_WHAT NEEDS TO BE DONE_
Restate the entries below without a single change.

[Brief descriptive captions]
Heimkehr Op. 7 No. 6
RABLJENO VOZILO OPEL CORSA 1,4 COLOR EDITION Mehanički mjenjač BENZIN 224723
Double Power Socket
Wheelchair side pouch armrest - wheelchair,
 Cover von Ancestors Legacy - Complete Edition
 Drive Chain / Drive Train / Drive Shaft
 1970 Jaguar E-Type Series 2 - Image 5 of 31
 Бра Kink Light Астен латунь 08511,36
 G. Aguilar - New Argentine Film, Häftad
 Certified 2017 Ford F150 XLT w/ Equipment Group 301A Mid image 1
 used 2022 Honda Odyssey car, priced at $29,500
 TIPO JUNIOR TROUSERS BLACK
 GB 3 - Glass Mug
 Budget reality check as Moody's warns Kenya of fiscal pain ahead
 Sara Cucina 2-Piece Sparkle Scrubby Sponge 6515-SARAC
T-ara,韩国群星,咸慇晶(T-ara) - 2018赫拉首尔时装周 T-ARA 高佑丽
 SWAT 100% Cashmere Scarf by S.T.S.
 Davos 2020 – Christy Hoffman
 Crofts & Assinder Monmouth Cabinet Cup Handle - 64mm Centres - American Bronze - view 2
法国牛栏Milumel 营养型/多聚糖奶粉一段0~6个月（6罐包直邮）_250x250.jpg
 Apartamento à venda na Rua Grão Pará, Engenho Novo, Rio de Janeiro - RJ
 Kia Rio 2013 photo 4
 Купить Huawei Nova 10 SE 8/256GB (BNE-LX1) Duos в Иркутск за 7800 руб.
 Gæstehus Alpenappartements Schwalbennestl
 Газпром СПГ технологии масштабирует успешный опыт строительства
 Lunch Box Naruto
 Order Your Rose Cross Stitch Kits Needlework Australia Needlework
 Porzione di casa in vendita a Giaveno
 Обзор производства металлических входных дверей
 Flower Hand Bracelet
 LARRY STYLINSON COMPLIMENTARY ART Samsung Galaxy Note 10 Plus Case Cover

_TASK SOLUTION_
Heimkehr Op. 7 No. 6
RABLJENO VOZILO OPEL CORSA 1,4 COLOR EDITION Mehanički mjenjač BENZIN 224723
Double Power Socket
Wheelchair side pouch armrest - wheelchair,
 Cover von Ancestors Legacy - Complete Edition
 Drive Chain / Drive Train / Drive Shaft
 1970 Jaguar E-Type Series 2 - Image 5 of 31
 Бра Kink Light Астен латунь 08511,36
 G. Aguilar - New Argentine Film, Häftad
 Certified 2017 Ford F150 XLT w/ Equipment Group 301A Mid image 1
 used 2022 Honda Odyssey car, priced at $29,500
 TIPO JUNIOR TROUSERS BLACK
 GB 3 - Glass Mug
 Budget reality check as Moody's warns Kenya of fiscal pain ahead
 Sara Cucina 2-Piece Sparkle Scrubby Sponge 6515-SARAC
T-ara,韩国群星,咸慇晶(T-ara) - 2018赫拉首尔时装周 T-ARA 高佑丽
 SWAT 100% Cashmere Scarf by S.T.S.
 Davos 2020 – Christy Hoffman
 Crofts & Assinder Monmouth Cabinet Cup Handle - 64mm Centres - American Bronze - view 2
法国牛栏Milumel 营养型/多聚糖奶粉一段0~6个月（6罐包直邮）_250x250.jpg
 Apartamento à venda na Rua Grão Pará, Engenho Novo, Rio de Janeiro - RJ
 Kia Rio 2013 photo 4
 Купить Huawei Nova 10 SE 8/256GB (BNE-LX1) Duos в Иркутск за 7800 руб.
 Gæstehus Alpenappartements Schwalbennestl
 Газпром СПГ технологии масштабирует успешный опыт строительства
 Lunch Box Naruto
 Order Your Rose Cross Stitch Kits Needlework Australia Needlework
 Porzione di casa in vendita a Giaveno
 Обзор производства металлических входных дверей
 Flower Hand Bracelet
 LARRY STYLINSON COMPLIMENTARY ART Samsung Galaxy Note 10 Plus Case Cover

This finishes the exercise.